図1. VisionパレットにFPGA画像処理アプリケーションで使用できる機能が多数表示される
VisionパレットにはFPGAとCPU間で画像をストリーミングできる画像転送VIが含まれています。セクション2「FPGA Visionのユースケース」では、さまざまなユースケースを紹介し、それがCPUとの間での画像転送に必要となる理由について説明しています。
NI Vision Development Moduleに含まれるVision Assistant Express VIでは、LabVIEW FPGA画像処理コードをハンドシェイクと同期によって自動生成できるため、低レベルの同期コードを作成する必要がなくなります。
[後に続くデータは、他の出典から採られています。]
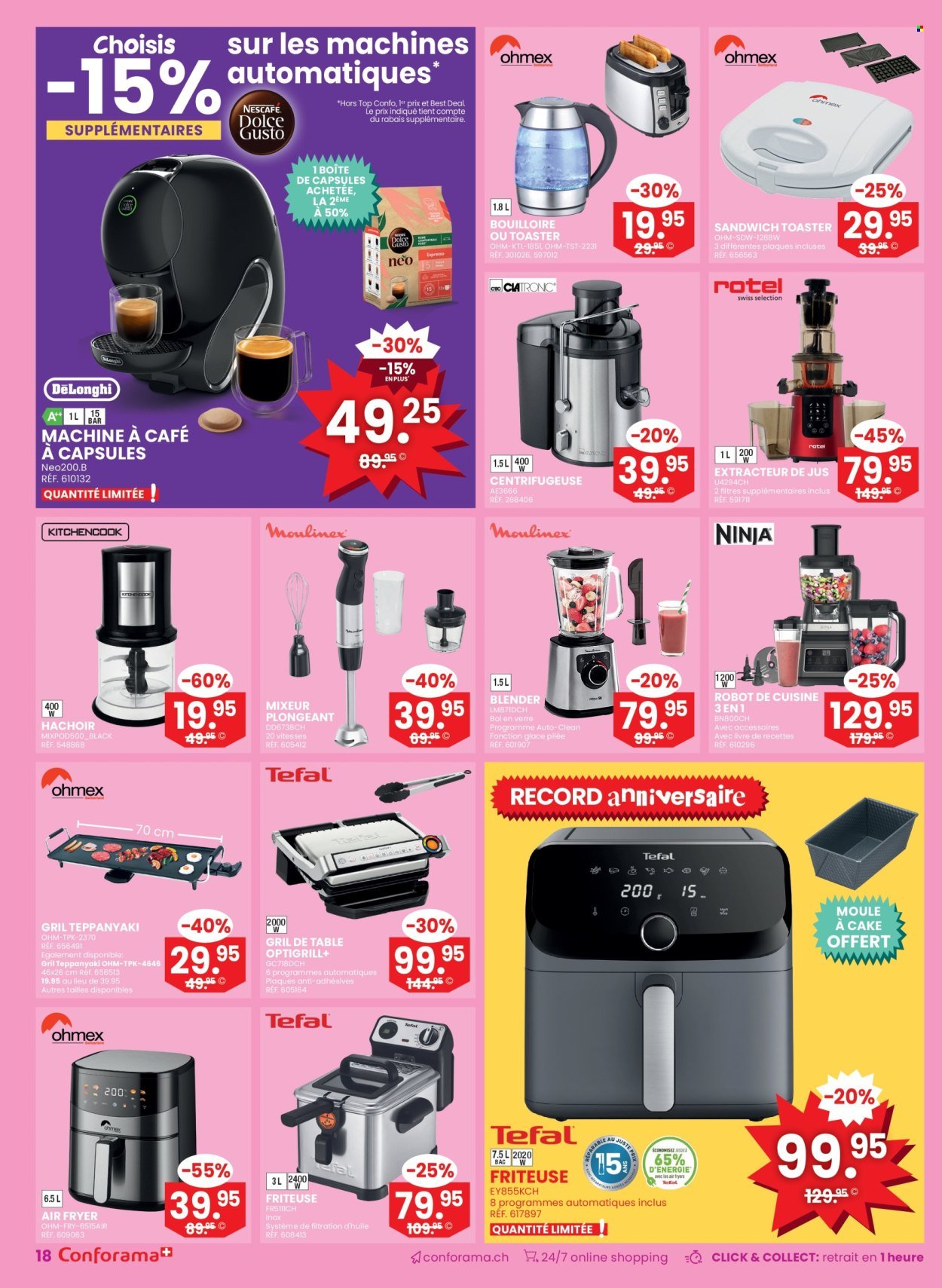 CONFORAMA Prospekt - Catalogue n° 35 (2025-08-27 - 2025-09-09)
Vision AssistantはLabVIEWブロックダイヤグラムから開くこともできますが、スタンドアロンプログラムとして起動して、特定のNIハードウェアを対象としたLabVIEWプロジェクトを作成することもできます。
図2. Vision Assistantをスタンドアロンプログラムとして開いて、特定のハードウェアターゲット向けのコードを生成
ハードウェアターゲットを選択すると、Vision Assistantが画像処理スクリプトに必要なFPGAターゲットリソースの量を見積もります。次にVision Assistantは、画像の処理と転送のためのホストVIとFPGA VIを含むLabVIEWプロジェクトを生成します。
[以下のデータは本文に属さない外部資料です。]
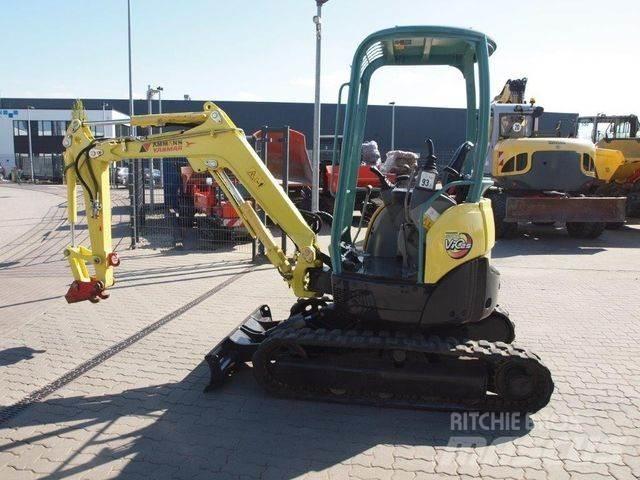 Yanmar VIO 25-3 Εκσκαφάκι (διαβολάκι) < 7t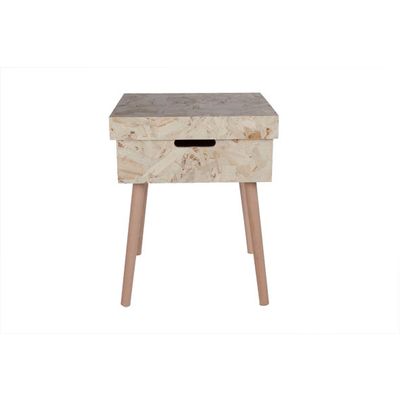 Table D'appoint Boite Avec Couvercle H45 36x36  Cosy & Trendy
図3. 画像処理スクリプトの作成が終わると、Vision Assistantによって、画像の処理と転送に必要なハードウェアターゲット、ホストVI (指定した場合)、FPGA VIを含むLabVIEWプロジェクトが自動的に生成される
ユースケース1:FPGAのみの処理で高速制御
FPGA画像処理によって、画像解析に必要な計算リソースを少なくすることができます。FPGAはハードウェアリソースのため、CPUを解放して、他の処理をさせることができます。解析を実行する際にCPUの介入が不要になるため、画像の処理から制御信号の出力までのレイテンシが大幅に短縮されます。図4に、FPGAを使用してCPUのリソースを解放する方法の例を示しています。このケースでは、画像の処理から出力信号の生成まで、すべてがFPGAによって実行されます。これにより、システムレイテンシが最小限に抑えられ、制御信号を迅速に生成することができます。
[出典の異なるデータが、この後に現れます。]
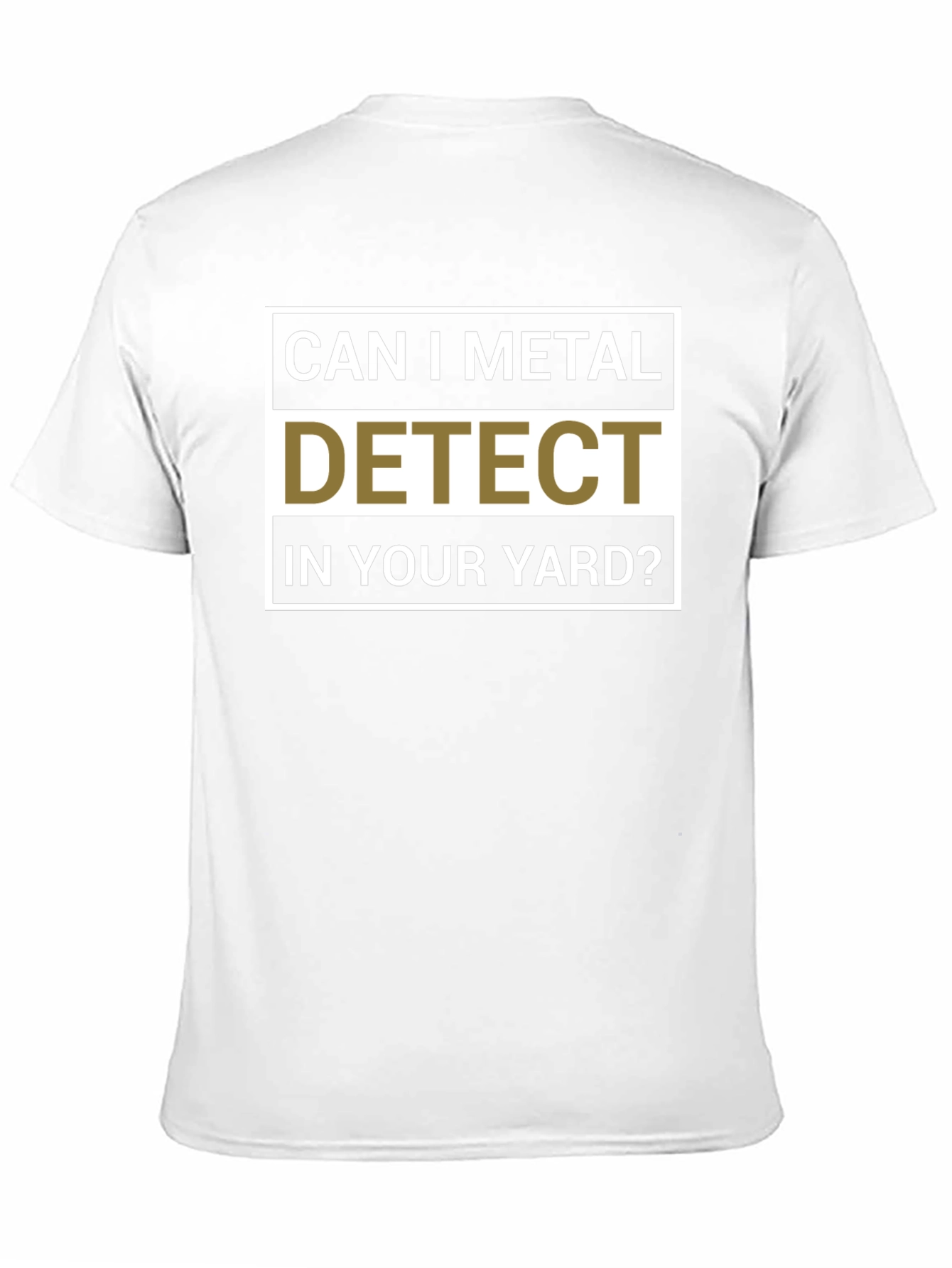 Metal Detecting T-Shirt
図4.すべての処理がターゲットのFPGA上で実行されるため、解放されたCPUで他のタスクを実行でき、システムレイテンシを最小限に抑えられる
このユースケースの例としては、高速ソート、視線トラッキング、レーザーアライメントなどがあります。 FPGAのみの処理をフレームグラバに実装することで、入力される画像データのパス上にFPGAを直接配置することができます。Camera LinkフレームグラバとCamera Linkアダプタモジュールの例を示します。
図5. Camera LinkフレームグラバとCamera Linkアダプタモジュールは、どちらもFPGAが画像パス上に配置されるため、オンボードでの前処理や高速制御の用途に適している
ユースケース2:FPGA処理
FPGAによるビジョンシステムプロセッサを使用した追加処理を実行できます。図6は、FPGAで前処理を行い、CPUではもっと高度な処理アルゴリズムを実行する方法を示しています。この例では、FPGAがフィルタ処理やエッジ検出などのビットレベル処理を実行します。次に、前処理を施された画像がCPUに送信され、パターン認識などの画像レベル処理が実行されます。この例でも、CPUで実行される機能の数が従来型ビジョンシステムの場合よりも少なくなるため、システムレイテンシが低く抑えられます。
図6.FPGAで画像入力と前処理が実行された後、画像データがCPUに渡され、CPUでパターンマッチングや分類といったさらに複雑な画像解析が実行される
FPGA画像処理は、高速ビットレベル処理が必要な用途で特に役立ちます。FPGAが画像データを受け取り、高速オンボードクロック (最高クロック速度100 MHz) を使用して個々のビットを処理します。データの転送およびハードウェアでの処理が1回のクロックサイクルで実行されます。多数のビジョンアルゴリズムを複数の反復タスクに分割した後、さらにそのタスクを分割して、FPGAで並列処理できます。
このタイプのアーキテクチャが適用できる例としては、表面検査、Web検査、光コヒーレンス断層撮影法 (OCT) などの用途が挙げられます。 図5に、FPGA前処理に対応するフレームグラバの例を2つ示しています。
ユースケース3:FPGAコプロセッシング
画像処理アルゴリズムが複数のステップで構成されている場合もあります。その中でも2値化などのステップは、FPGAに実装することができます。パターンマッチングなどのステップは、多くの場合、CPUの方が適しています。このような場合、FPGAを使用してプロセッサの負担を軽減することができます。 図7に示すように、CPUに送られた入力画像はピクセルごとにFPGAにストリーミングされ、ビットレベルで処理されます。FPGA上で処理されたピクセルがCPUに送り返されて、さらに処理が加えられる場合があります。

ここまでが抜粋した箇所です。